== INSTRUCTIONS FOR THE TASK ==
Without reproducing any picture, copy the records word for word.

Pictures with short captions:
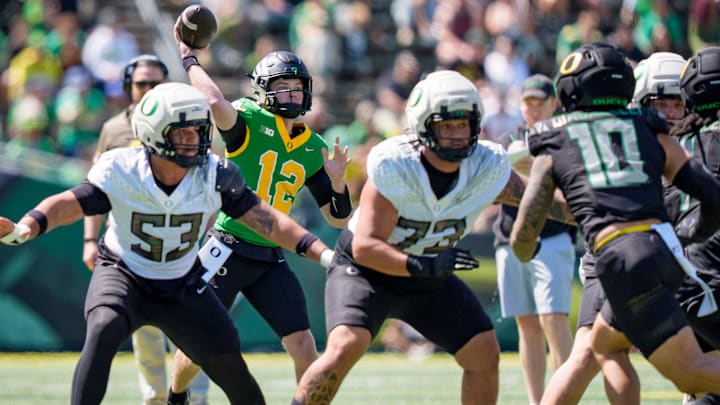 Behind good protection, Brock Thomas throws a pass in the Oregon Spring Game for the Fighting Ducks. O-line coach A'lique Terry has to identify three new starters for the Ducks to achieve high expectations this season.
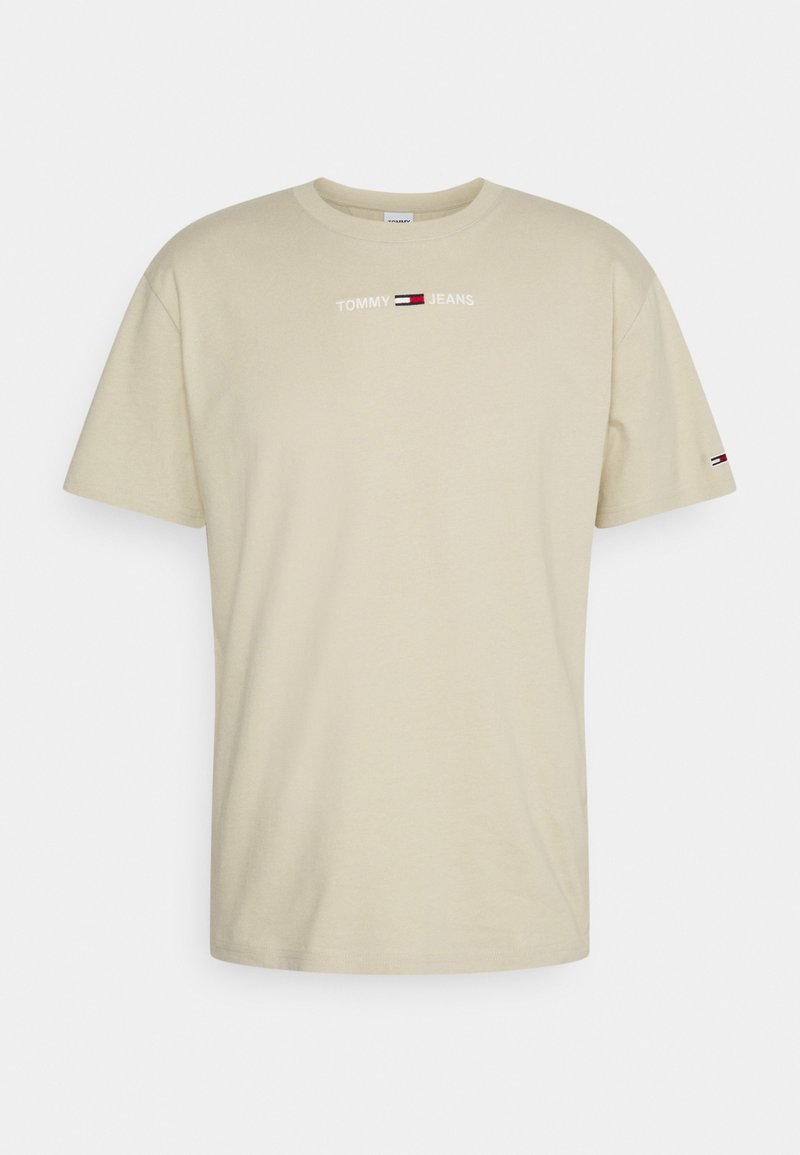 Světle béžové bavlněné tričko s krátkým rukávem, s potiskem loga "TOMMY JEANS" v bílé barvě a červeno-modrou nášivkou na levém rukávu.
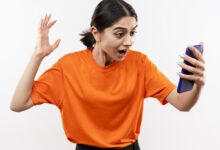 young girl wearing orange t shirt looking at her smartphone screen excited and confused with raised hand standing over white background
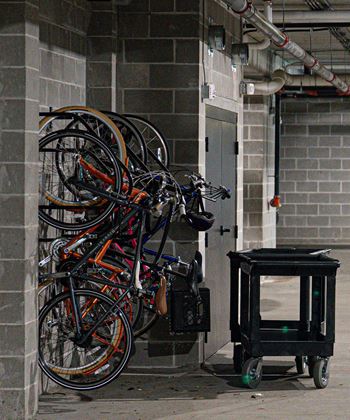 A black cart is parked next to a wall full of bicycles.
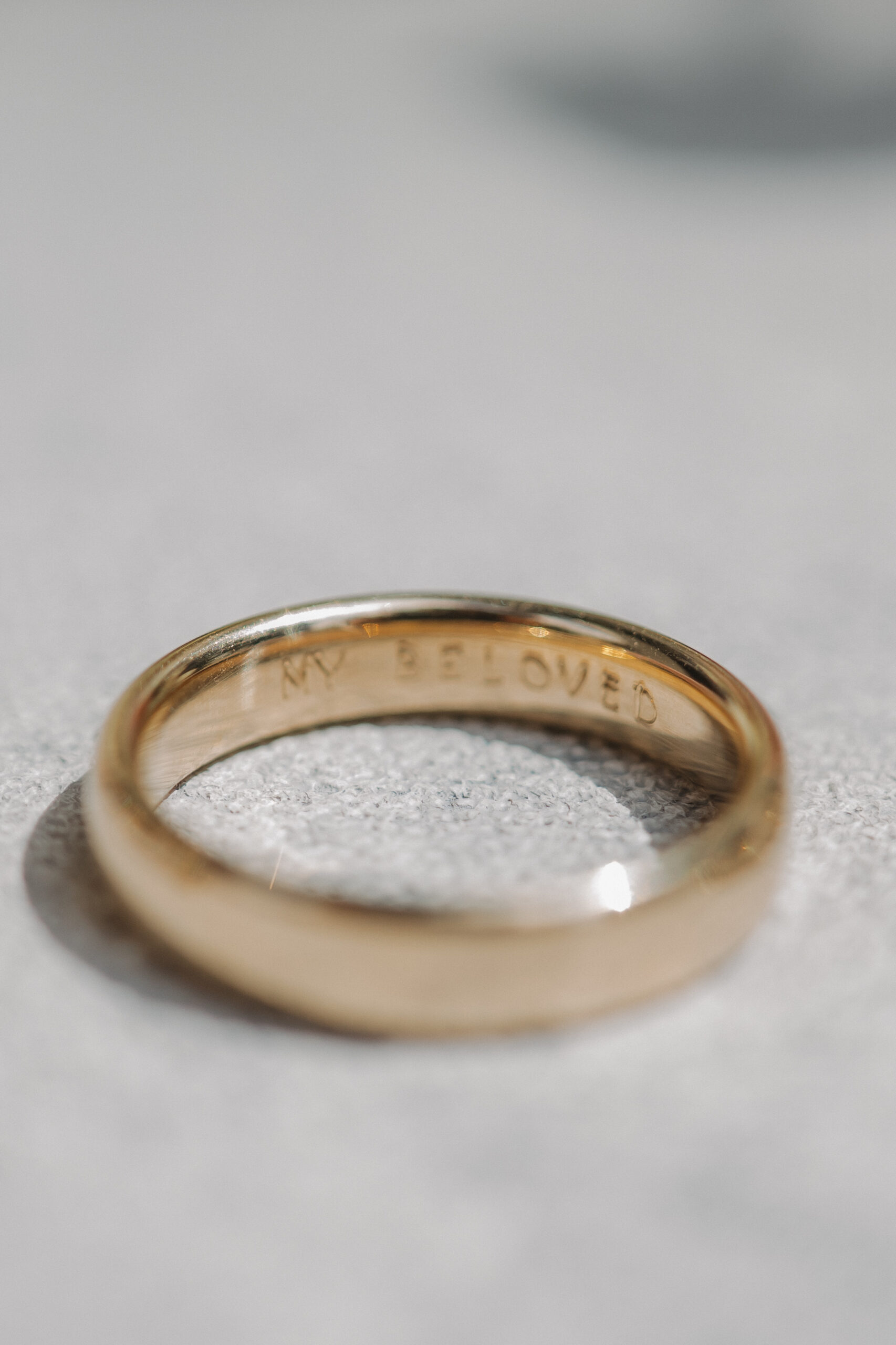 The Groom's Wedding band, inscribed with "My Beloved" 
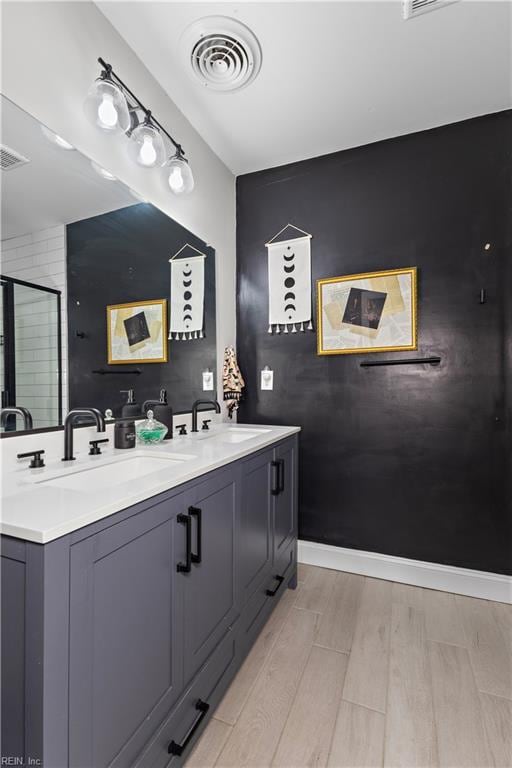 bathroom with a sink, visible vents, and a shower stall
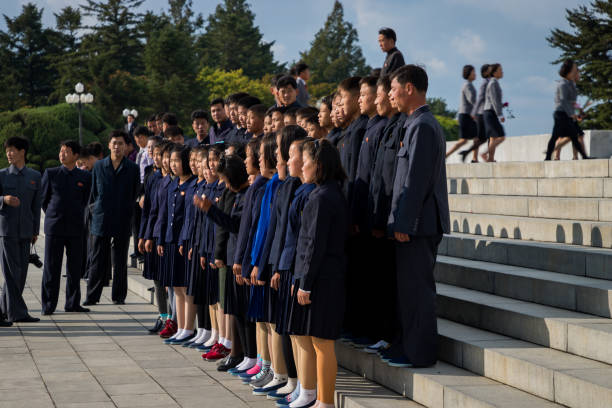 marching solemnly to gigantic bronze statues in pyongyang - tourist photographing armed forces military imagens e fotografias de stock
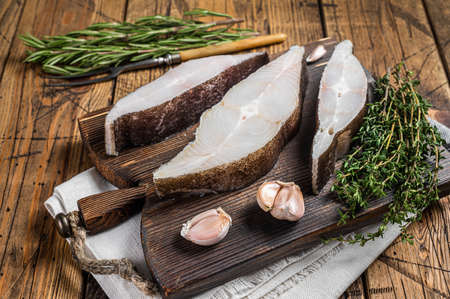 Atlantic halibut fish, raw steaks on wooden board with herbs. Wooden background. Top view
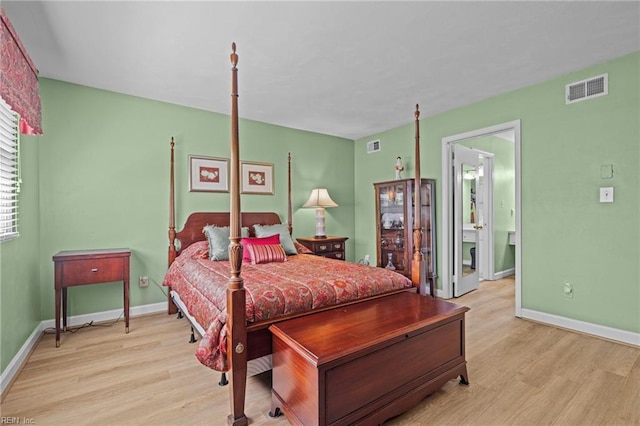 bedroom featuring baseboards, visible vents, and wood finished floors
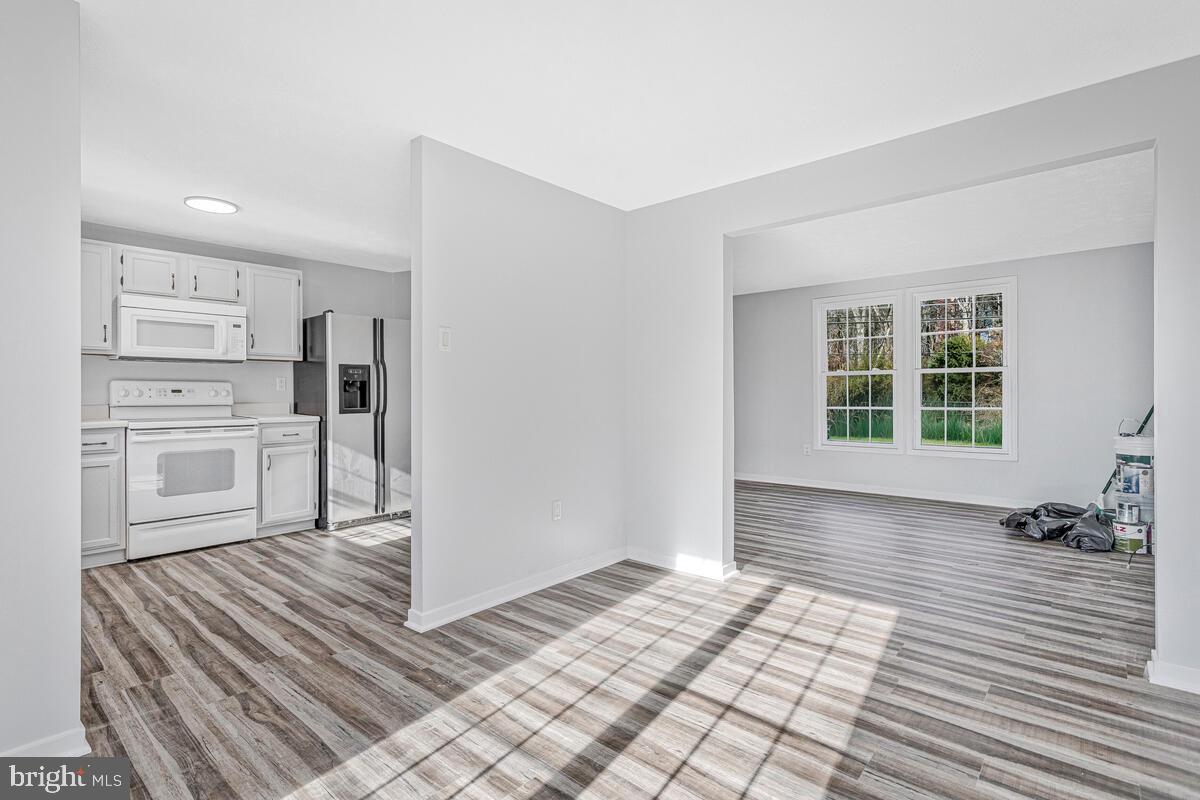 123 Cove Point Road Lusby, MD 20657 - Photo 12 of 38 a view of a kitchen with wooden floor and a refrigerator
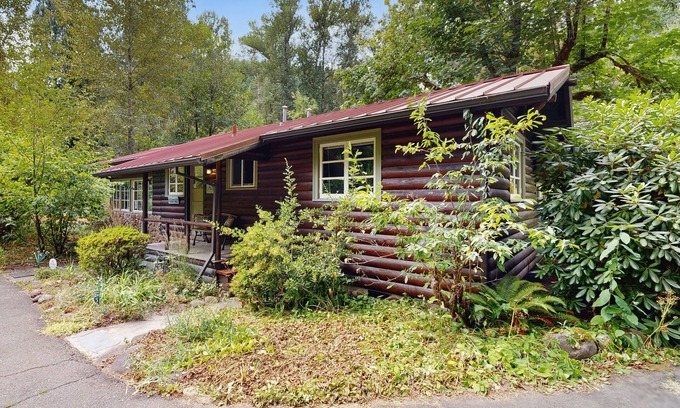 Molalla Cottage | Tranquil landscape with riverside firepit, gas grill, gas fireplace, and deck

== OUTPUT FOR THIS TASK ==
 Behind good protection, Brock Thomas throws a pass in the Oregon Spring Game for the Fighting Ducks. O-line coach A'lique Terry has to identify three new starters for the Ducks to achieve high expectations this season.
 Světle béžové bavlněné tričko s krátkým rukávem, s potiskem loga "TOMMY JEANS" v bílé barvě a červeno-modrou nášivkou na levém rukávu.
 young girl wearing orange t shirt looking at her smartphone screen excited and confused with raised hand standing over white background
 A black cart is parked next to a wall full of bicycles.
 The Groom's Wedding band, inscribed with "My Beloved" 
 bathroom with a sink, visible vents, and a shower stall
 marching solemnly to gigantic bronze statues in pyongyang - tourist photographing armed forces military imagens e fotografias de stock
 Atlantic halibut fish, raw steaks on wooden board with herbs. Wooden background. Top view
 bedroom featuring baseboards, visible vents, and wood finished floors
 123 Cove Point Road Lusby, MD 20657 - Photo 12 of 38 a view of a kitchen with wooden floor and a refrigerator
 Molalla Cottage | Tranquil landscape with riverside firepit, gas grill, gas fireplace, and deck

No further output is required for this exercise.